Israeli foreign minister Tzipi Livni appealed to her party's restive parliamentary bloc for unity today after she narrowly won an internal ballot to replace scandal-plagued prime minister Ehud Olmert.
"We need to act quickly ... We don't have time to waste bickering over politics," she told fellow lawmakers at Kadima party headquarters in Tel Aviv, their first meeting since she beat former general Shaul Mofaz in the voting on Wednesday.
Speed was vital, she said, "because there are difficult challenges facing us as a nation and Kadima is the party running the country and will go on doing so for many years".
Mr Mofaz, however, stayed away, after a sometimes bitter campaign that ended with him losing to Livni by a mere 400-odd votes, or just 1 percentage point. During a tense and lengthy count, some Mofaz aides complained of irregularities.
Ms Livni urged the party to pull together now: "Kadima needs to stay united and I'm sorry Shaul Mofaz has decided not to be with us here today."
But her narrow victory has opened a rift within the three-year-old centrist party that could make it harder for her to cobble together a new coalition government and become prime minister once Mr Olmert fulfils his pledge to resign as premier following an investigation into alleged corruption.

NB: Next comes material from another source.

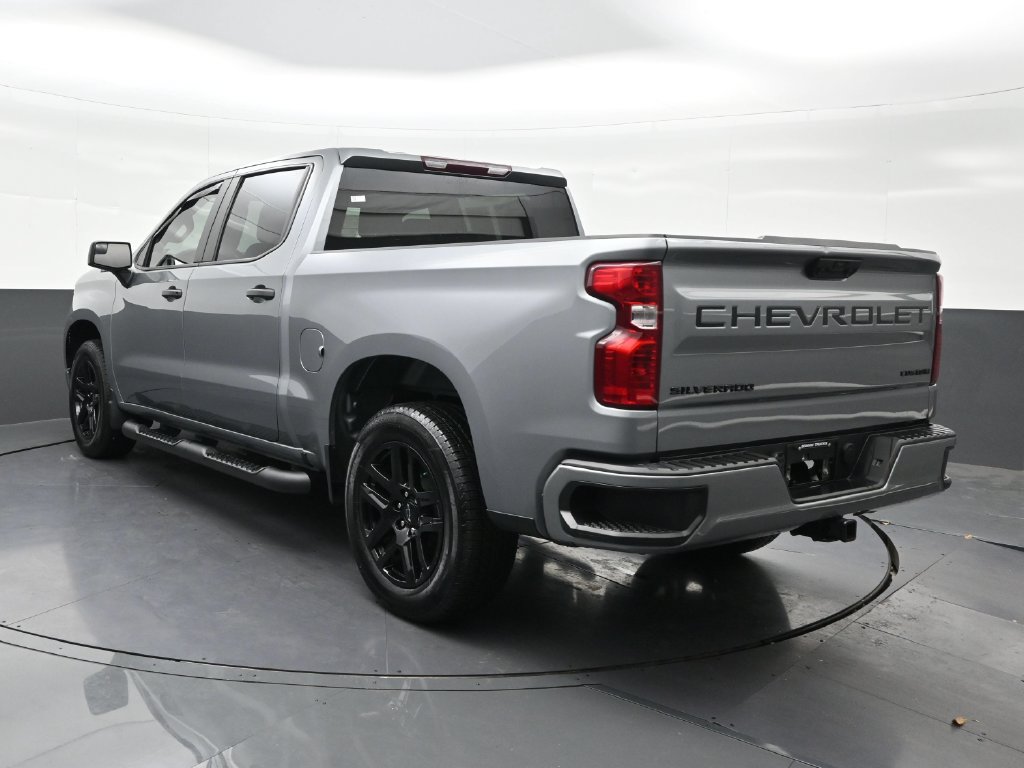 Used 2024 Chevrolet Silverado 1500 Custom w/ Turbomax Blackout Package RWD image 3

Mr Mofaz shocked Israel's political establishment by announcing he was taking a "time out" from politics. The Kadima primary was seen by some as adding pressure along Israel's main ethnic faultline - between the long-dominant Ashkenazi Jews of European origin, like Livni, and Middle Eastern Sephardis.
Mr Mofaz, who was born in Iran, had inspired hopes among fellow Sephardi Jews that he might become the first of their community ever to become prime minister of a country where many complain they have been treated as second-class citizens.